Prior to joining the Company, Mr. Posner was the Chief Financial Officer of Power Medical Interventions, Inc., a publicly traded manufacturer of medical devices, from January 2009 to September 2009, prior to its sale to another company. From 1999 to 2008, Mr. Posner worked in various financial positions for Pharmacopeia, Inc., a publicly traded clinical development biopharmaceutical company. From May 2006 to December 2008, Mr. Posner served as Executive Vice President, Chief Financial Officer and Treasurer of Pharmacopeia.  From March 1999 to May 2006, Mr. Posner served in capacities at Pharmacopeia, which included Chief Accounting Officer, Treasurer, Vice President, Finance, Executive Director, Finance and Director, Finance.
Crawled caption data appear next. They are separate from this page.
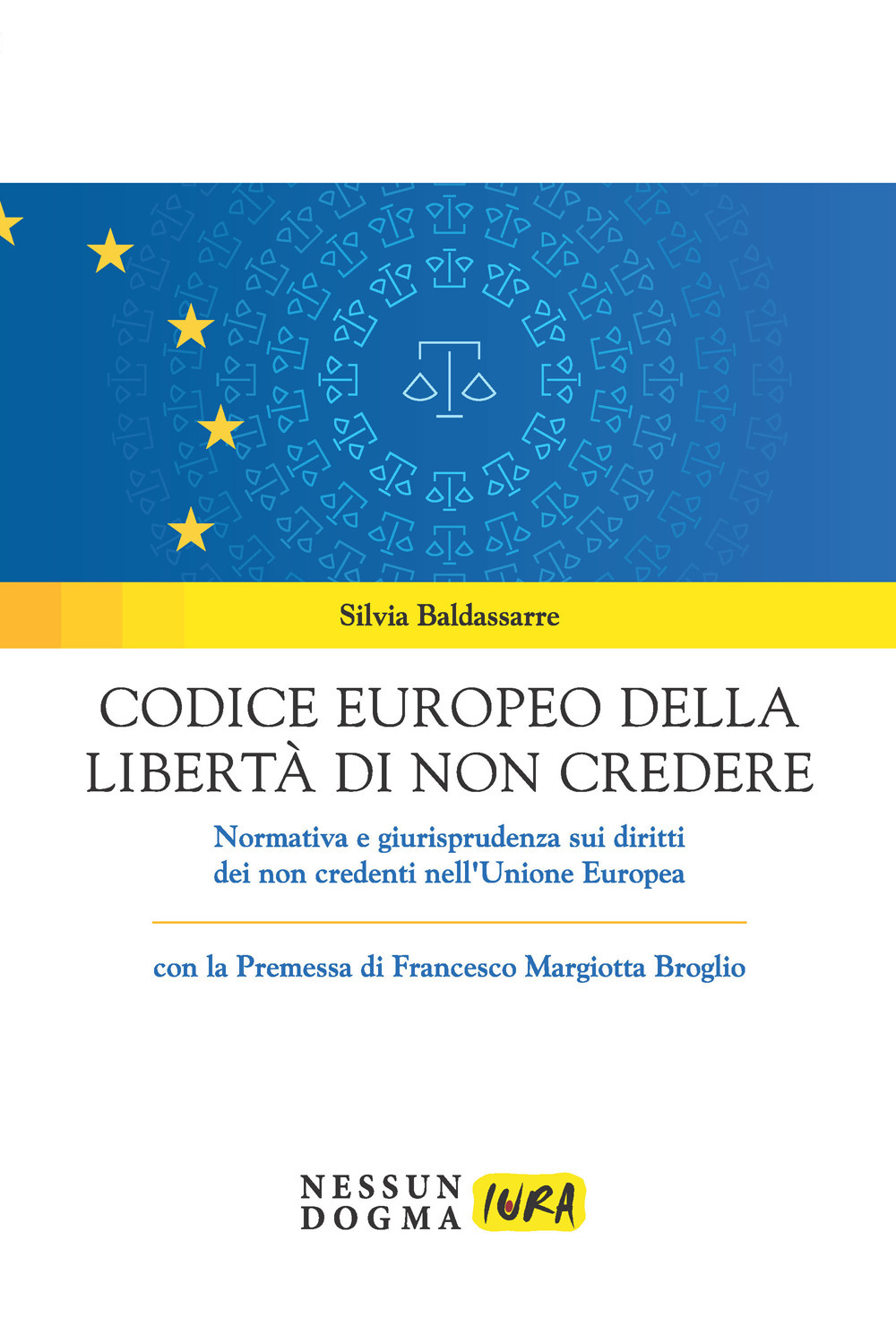 Codice europeo della libertà di non credere. Normativa e giurisprudenza sui diritti dei non credenti nell'Unione Europea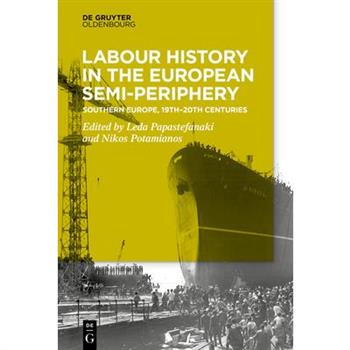 Labour History in the Semi-Periphery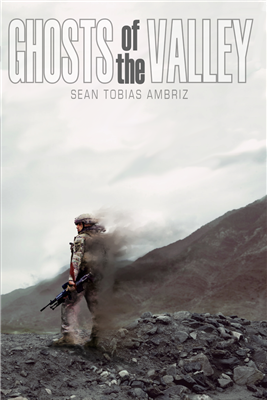 Ghosts of the Valley by Sean Ambriz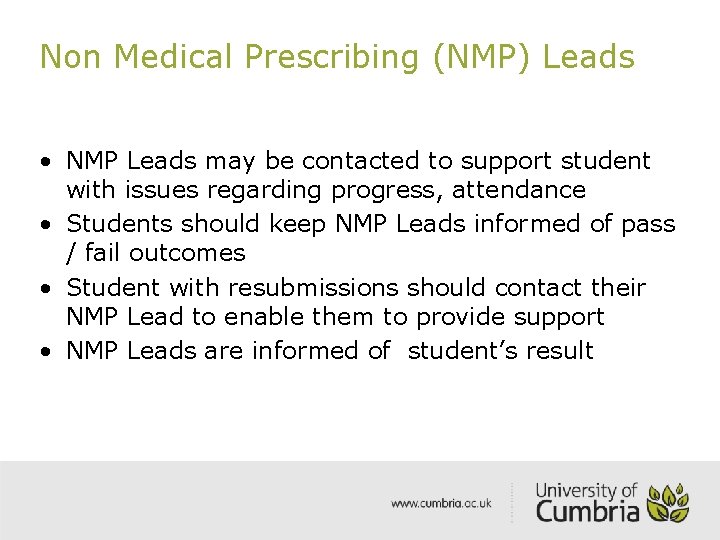 Non Medical Prescribing (NMP) Leads • NMP Leads may be contacted to support student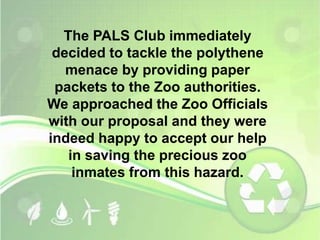 The PALS Club immediately 
decided to tackle the polythene 
menace by providing paper 
packets to the Zoo authorities. 
We approached the Zoo Officials 
with our proposal and they were 
indeed happy to accept our help 
in saving the precious zoo 
inmates from this hazard. 
 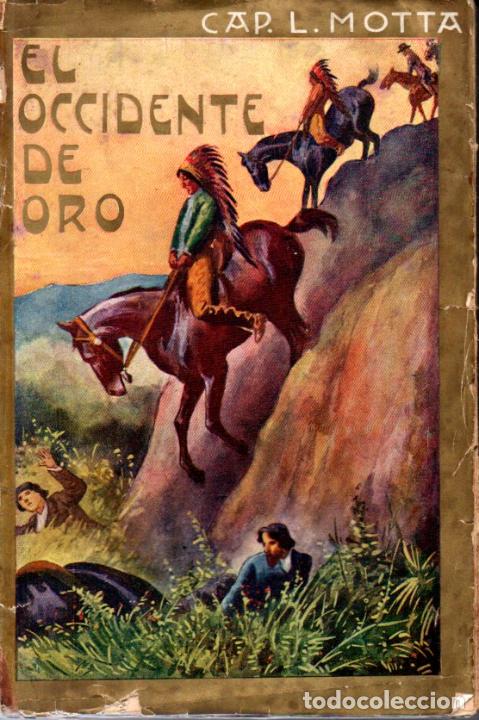 Libros antiguos: LUIGI MOTTA : EL OCCIDENTE DE ORO (MAUCCI, c. 1920) - Foto 1
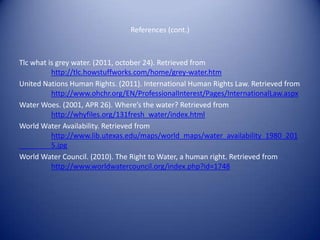 References (cont.)



Tlc what is grey water. (2011, october 24). Retrieved from
          http://tlc.howstuffworks.com/home/grey-water.htm
United Nations Human Rights. (2011). International Human Rights Law. Retrieved from
          http://www.ohchr.org/EN/ProfessionalInterest/Pages/InternationalLaw.aspx
Water Woes. (2001, APR 26). Where’s the water? Retrieved from
          http://whyfiles.org/131fresh_water/index.html
World Water Availability. Retrieved from
          http://www.lib.utexas.edu/maps/world_maps/water_availability_1980_201
          5.jpg
World Water Council. (2010). The Right to Water, a human right. Retrieved from
          http://www.worldwatercouncil.org/index.php?id=1748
Prior to joining Pharmacopeia, Mr. Posner served as Chief Financial Officer of Photosynthetic Harvest, Inc., an early-stage biotechnology company from 1997 to 1999. Previously, Mr. Posner held senior financial positions at several organizations in the healthcare industry and was a member of the audit staff at PriceWaterhouseCoopers, LLP, with a diverse group of clients in the manufacturing, banking and natural resources sectors. Mr. Posner is a Certified Public Accountant and has a Masters of Business Administration degree from Pace University.
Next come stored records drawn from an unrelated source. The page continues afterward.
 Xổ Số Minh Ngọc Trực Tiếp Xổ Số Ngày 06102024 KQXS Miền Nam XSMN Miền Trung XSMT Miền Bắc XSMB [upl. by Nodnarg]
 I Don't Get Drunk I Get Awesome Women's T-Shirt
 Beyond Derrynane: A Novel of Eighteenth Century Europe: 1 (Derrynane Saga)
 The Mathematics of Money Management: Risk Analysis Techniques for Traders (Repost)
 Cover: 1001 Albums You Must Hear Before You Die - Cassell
On May 21, 2010, the Company and Mr. Posner entered into an employment agreement (the “Agreement”). Mr. Posner’s base salary under the Agreement is $265,000 (“Base Salary”), which shall be reviewed annually.  Mr. Posner will also be eligible to receive a performance bonus of up to 35% of his Base Salary. Subject to approval by the Company’s Board of Directors (the “Board”), Mr. Posner will also receive a grant of stock options representing 30,000 shares of the Company’s common stock and 10,000 shares of restricted stock, which will both be subject to the terms of the Company’s 2006 Stock Incentive Plan. The stock options will vest equally over five years on the anniversary of the date of grant. The restricted stock will vest over three years based on the attainment of certain performance goals. In the event of Mr. Posner’s termination, the Agreement provides for accelerated vesting of stock options and restricted stock in certain specified cases.
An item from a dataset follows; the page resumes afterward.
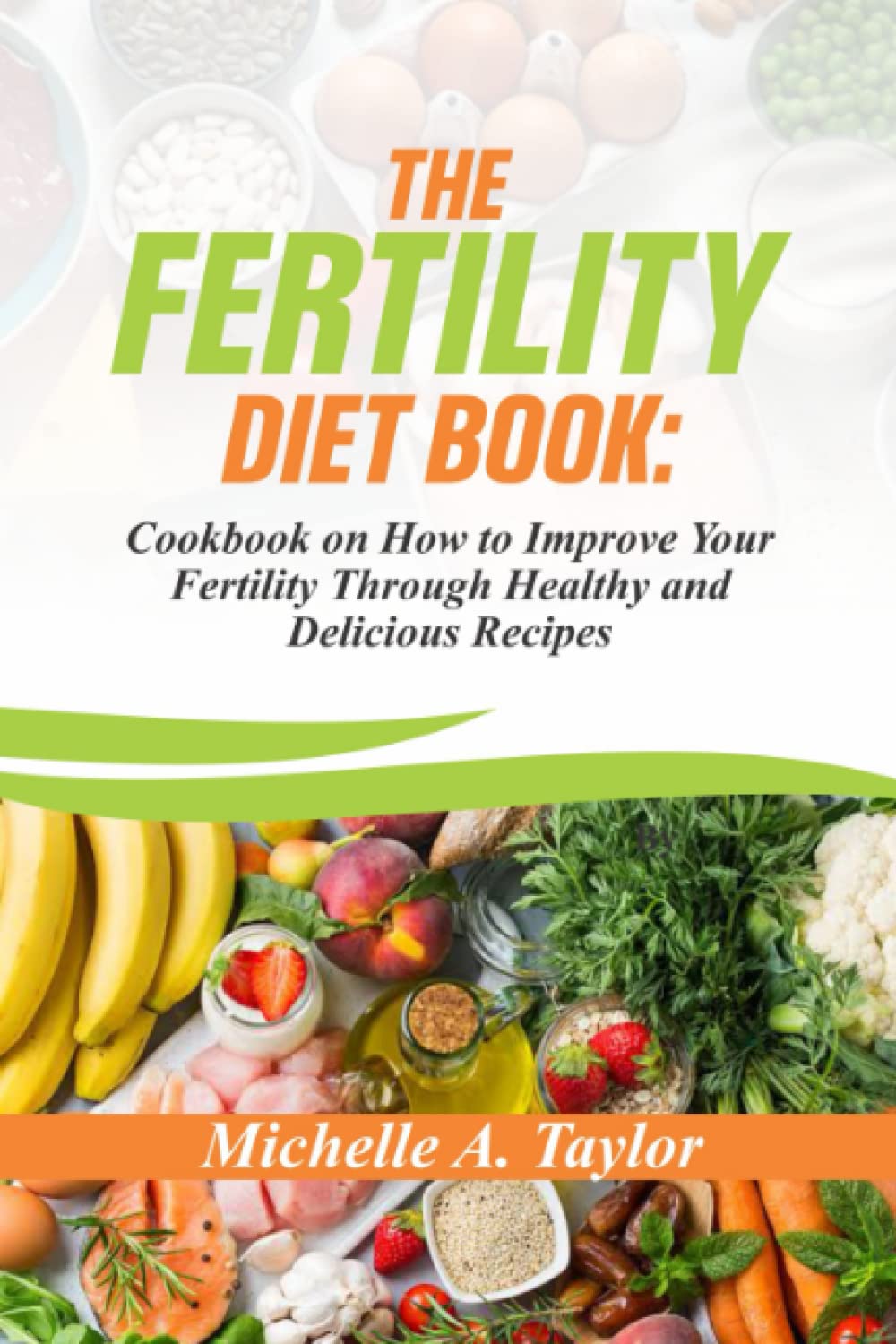 THE FERTILITY DIET BOOK:: Cookbook on How to Improve Your Fertility Through Healthy and Delicious Recipes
The Agreement also provides for severance in the event Mr. Posner terminates his employment with the Company for “Good Reason” (as defined in the Agreement) or Mr. Posner’s employment is terminated other than for “Cause” (as defined in the Agreement) or the inability of Mr. Posner to perform required services as a result of physical or mental incapacitation. If such termination occurs after the first 12 months of employment Mr. Posner will receive 3 months of Base Salary. If such termination occurs after the first 24 months of employment Mr. Posner will receive 6 months of Base Salary.

The Agreement also contains non-competition and confidentiality provisions.

Item 8.01 Other Events.

On June 2, 2010, the Company issued a press release announcing the appointment of Mr. Posner. The full text of the press release is filed as Exhibit 99.1 to this Form 8-K and is incorporated herein by reference.

Item 9.01. Financial Statements and Exhibits.

(d) Exhibits.

     
99.1
  Press release issued by the Company dated June 2, 2010.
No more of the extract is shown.